Patch tempesta-test:

diff --git a/framework/docker_server.py b/framework/docker_server.py
index fff77c0..06850e7 100644
--- a/framework/docker_server.py
+++ b/framework/docker_server.py
@@ -120,7 +120,7 @@ class DockerServer(DockerServerArguments, stateful.Stateful):
     def run_start(self):
         tf_cfg.dbg(3, f"\tDocker Server: Start {self.id} (image {self.image})")
         self.port_checker.check_ports_status()
-        self._build_image()
+        #self._build_image()
         stdout, stderr = self.node.run_cmd(
             self._form_run_command(), err_msg=self._form_error(action="start")
         )
diff --git a/t_stress/test_wordpress.py b/t_stress/test_wordpress.py
index 5bd06d7..645a640 100644
--- a/t_stress/test_wordpress.py
+++ b/t_stress/test_wordpress.py
@@ -72,11 +72,14 @@ class BaseWorpressStress(CustomMtuMixin, tester.TempestaTest, base=True):

     def test_get_large_images(self):
         self.start_all()
-        client = self.get_client("get_images")
-        client.start()
-        self.wait_while_busy(client)
-        client.stop()
-        self.assertGreater(client.statuses[200], 0, "Client has not received 200 responses.")
+        print("ok")
+        import time
+        time.sleep(60*5)
+        #client = self.get_client("get_images")
+        #client.start()
+        #self.wait_while_busy(client)
+        #client.stop()
+        #self.assertEqual(client.statuses[200], 0, "Client has not received 200 responses.")

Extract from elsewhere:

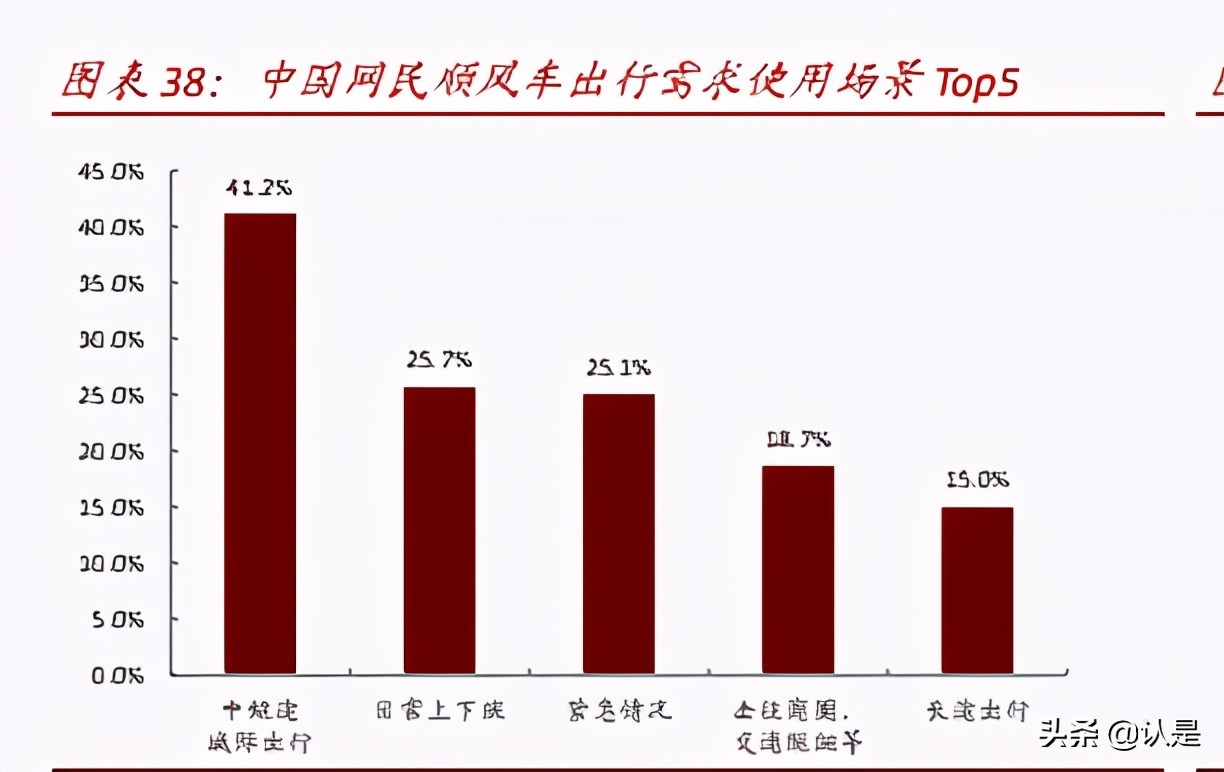 网约车和共享单车行业研究：万亿规模，出行结构低碳共享化
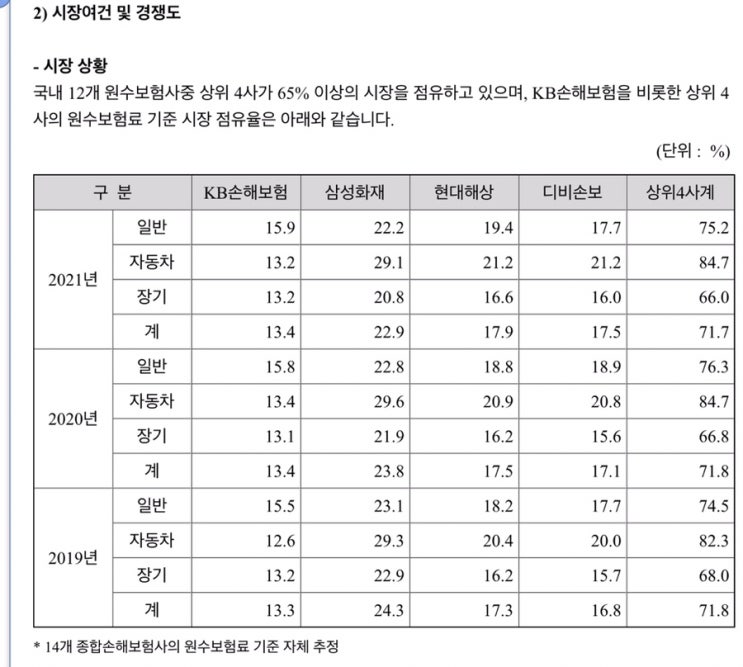  쌩 기초부터 시작하는 KB금융 이해 (4) - KB손해보험은 돈을 어떻게 벌까?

 class TlsWordpressStress(BaseWorpressStress):

Test:

t -n t_stress.test_wordpress.TlsWordpressStress.test_get_large_images
for ((i=0;i<20;i++)); do
        sleep 2
        curl --no-progress-meter --show-error --output /dev/null \
                --header 'Connection: close' --http2-prior-knowledge \
                --interface 127.0.0.2 --insecure --parallel --parallel-immediate \
                --parallel-max 10 'https://127.0.0.1/images/2048.jpg?ver=[1-1]' \
                -w "%{http_code} %{size_download}\n"
done

Check Committed_AS in /proc/meminfo before and after the test, or watch the memory with btm.

I think if we can't find the root cause, the workaround should be to create a dedicated page cache for TLS encryption just like the patch above.